Half-moon over November night:
      snow on the ground and icy dusting
of snow in the boughs of trees
      in the ancient woodlands by your last bed.
A barn owl sits motionless in the darkness,
      in the half-light of the half-moon.
A lone cry in the woodlands,
      the lone cry of the November owl
under the half-moon. And then silence.
      And then peace. A final flurry of snow.

That you should love and be loved.
      nothing more. That you should love
and be lived by that love.
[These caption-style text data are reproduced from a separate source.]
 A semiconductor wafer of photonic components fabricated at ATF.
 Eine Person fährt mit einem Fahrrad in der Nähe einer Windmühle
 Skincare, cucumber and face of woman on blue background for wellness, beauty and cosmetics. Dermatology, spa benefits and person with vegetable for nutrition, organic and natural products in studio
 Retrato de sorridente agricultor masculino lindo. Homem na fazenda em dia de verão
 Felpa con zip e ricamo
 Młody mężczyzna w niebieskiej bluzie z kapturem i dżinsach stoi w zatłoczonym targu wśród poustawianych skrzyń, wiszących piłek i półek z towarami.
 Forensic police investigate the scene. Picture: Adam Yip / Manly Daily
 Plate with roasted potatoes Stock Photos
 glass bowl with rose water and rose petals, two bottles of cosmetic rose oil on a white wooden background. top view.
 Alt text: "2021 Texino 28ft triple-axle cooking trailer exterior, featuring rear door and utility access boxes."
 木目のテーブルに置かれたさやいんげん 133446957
The two-way gift,
      the life-gift and the love-gift,
and not the one without the other.
      All life is two-way just as all love
is all life
      in the giving and receiving.
And so Divina asks me where was she
      before she was born,
because living and loving cannot understand
      the state of non-being.
And I say to her:
      You were there in our love
where you will always be,
      there
            in our love.

And you, my mother—
      I gave birth to you
just as you brought me out of yourself
      and into the light,
barely a half-moon from now,
      barely three and forty years from here.
You born again in the moment of my birth
      into that deep love-gift of motherhood;
And I have loved you
      as the father of your motherhood of me,
son and father to you
      as the mother and daughter of my love.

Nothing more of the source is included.